意識はあったが、しばらくうずくまったまま動けなかった。十分ぐらいたち、ようやく動こうという気になって、がれきの中からはい出た。辺りを見回してびっくりした。何もなかった。建物も木も倒れ、すべてが真っ平らになったようだった。夢じゃないかと鼻をつねったが何も変わらない。
とにかくどこかに逃げなければと思い、山にある防空壕(ごう)を目指した。歩く先には、全身の皮膚がただれた男性、死んだ母親にすがりつく子ども、まさに地獄だった。「水をくれ、水をくれ」と叫ぶ声も聞こえたが、水をやろうにもコップもひしゃくもない。落ちていた布団の綿をちぎりとり、田んぼの水に浸して、水を求める人に絞ってやった。

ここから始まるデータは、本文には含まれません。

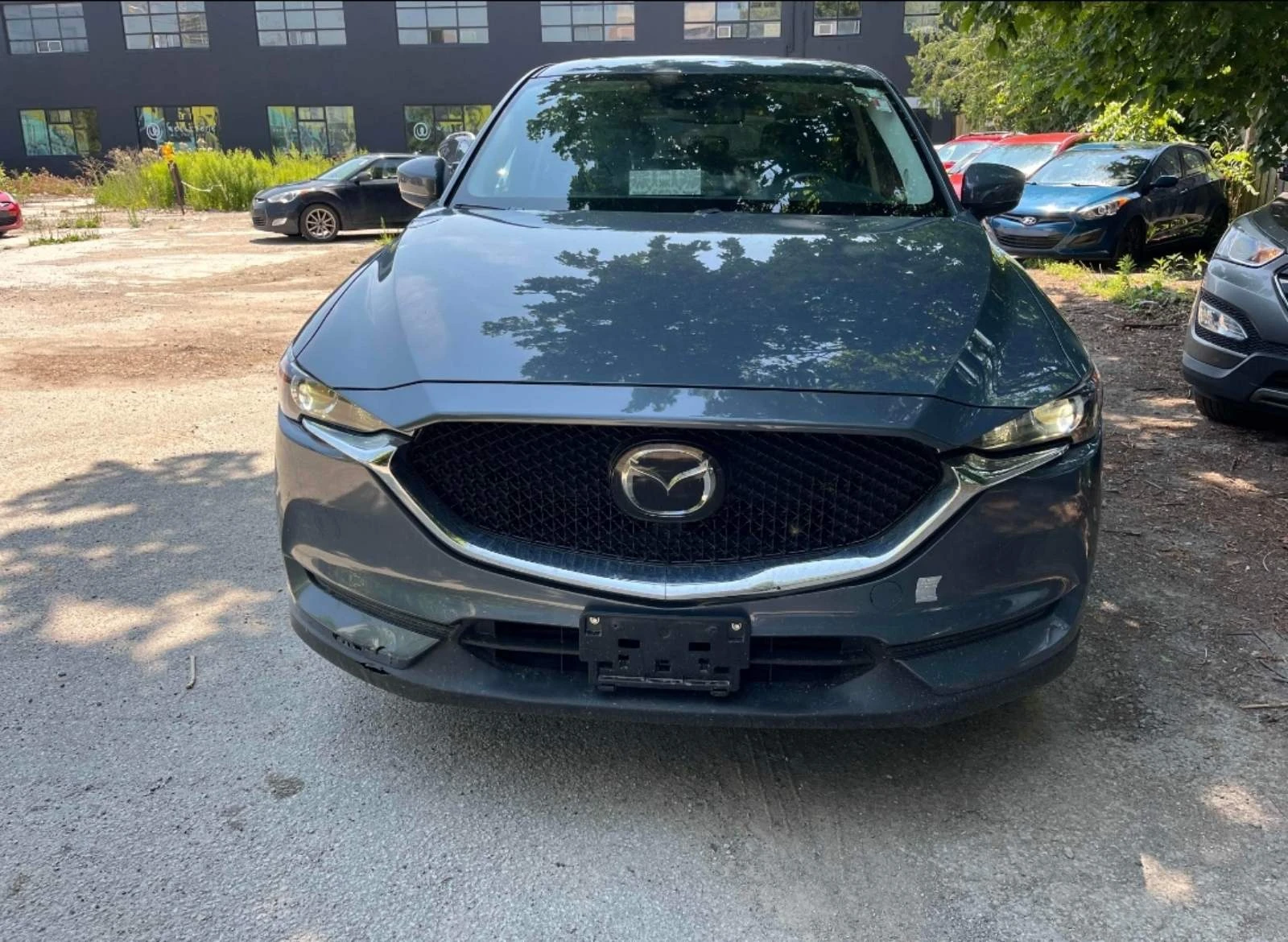 Mazda CX-5 Очакван внос ! CX-5 Touring AWD - изображение 2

そうしているうち、会社の上司が歩いてきた。「ここには何も残ってない。少しでも元気のあるうちに親元に帰れ、ここにいても死ぬだけだ」と言われ、列車に乗って実家のある深江村(現南島原市)に帰ろうと決めた。
近くの線路の方へ向かうと、まもなく救援列車がやって来た。この列車に乗って帰ろうとしたが、救援隊の人に「重傷者から先に乗せろ」と言われて乗ることができない。次の列車も、その次の列車でも同じことを言われた。日はとっぷり暮れ、次第に疲れがたまっていくのが分かった。このままここにいたら力尽きて死んでしまう。そこで田んぼに入り、体中に泥を塗り付けて真っ黒になった。四本目の救援列車にはなんとか乗ることができた。
諫早で列車を乗り換え、実家の深江村についたのは朝五時。母は「体一つあれば何よりの親孝行」と言い、帰宅を喜んでくれた。
<私の願い>
今の人たちは平和であることが当たり前だと思っているが、それは違う。ひとたび戦争が起こると人々から笑顔は消え、悲しみに包まれる。戦争で亡くなった人を慰める言葉はない。もう二度とあの悲惨な戦争を起こしてはいけない。「永遠の平和」。ただそれだけを願う。